Lord Krishna

Lord Krishna

Divine Teacher

The Supreme Lord, the charioteer and divine guide of Arjuna. Krishna delivers the eternal wisdom of the Gita, revealing the nature of the soul, duty, and the path to liberation.

Speaking: Chapter 12, Verse 20

20

Verse 20

The Yoga of Devotion

Those who honor this immortal teaching of dharma as described, endowed with faith and devoted to Me as the supreme goal—those devotees are exceedingly dear to Me.

Context & Meaning

The chapter concludes with a benediction. Those who receive this teaching with faith, who honor it not merely intellectually but through lived practice, and who regard God as the supreme goal — these are atīva priyāḥ — exceedingly, supremely dear. The word amṛtam — immortal, nectar — applied to the teaching is significant. This is not merely good advice; it is the nectar of immortality. To absorb and live by this teaching is itself a form of liberation. The chapter ends where it begins: in the intimacy between the devotee and God.

Scholar Commentaries

2 commentaries · Public domain

Ramanujacharya

Vishishtadvaita

Dharmyāmṛtam — the immortal nectar of dharma. This is the Gita's self-description of the teaching of Chapter 12: it is not merely ethical instruction but the living nectar of eternal truth. To follow this teaching is to drink from the source of immortality itself.
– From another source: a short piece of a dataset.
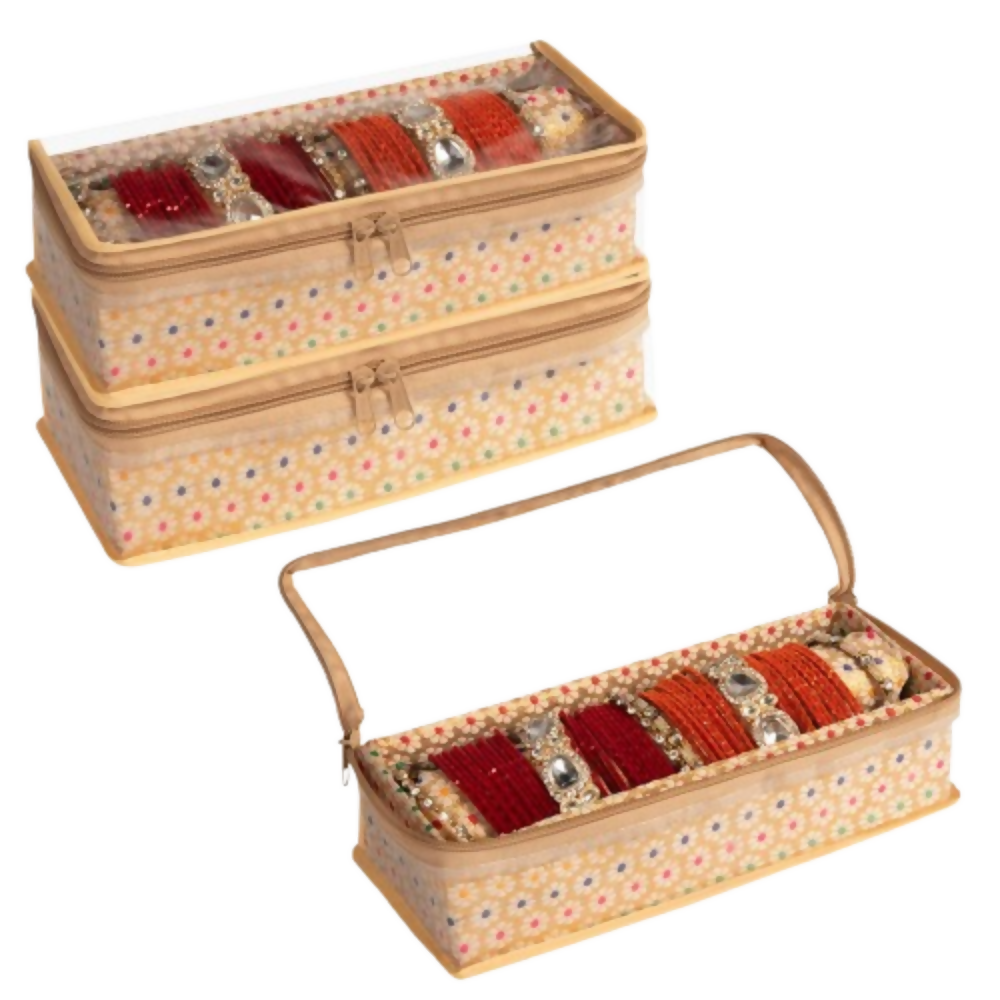 Homestrap Single Rod Storage Bangle Box - Golden - Distacart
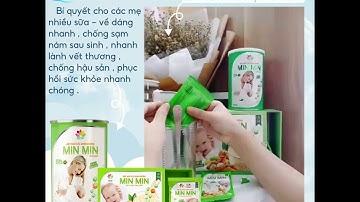 Ngũ cốc lợi sữa minmin 30 hạt Sdt ☎ 039.694.6200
And those who do so are atīva — intensely, beyond measure — dear to God.

Madhvacharya

Dvaita

The chapter closes with the word priyāḥ — beloved. The entire chapter began with a question about paths and ends with an answer that transcends path altogether: what matters is love. The devotee who loves is loved. The Gita here speaks the deepest truth of the universe: the Divine loves those who love the Divine. This is the royal secret, the royal knowledge, the most secret of all secrets.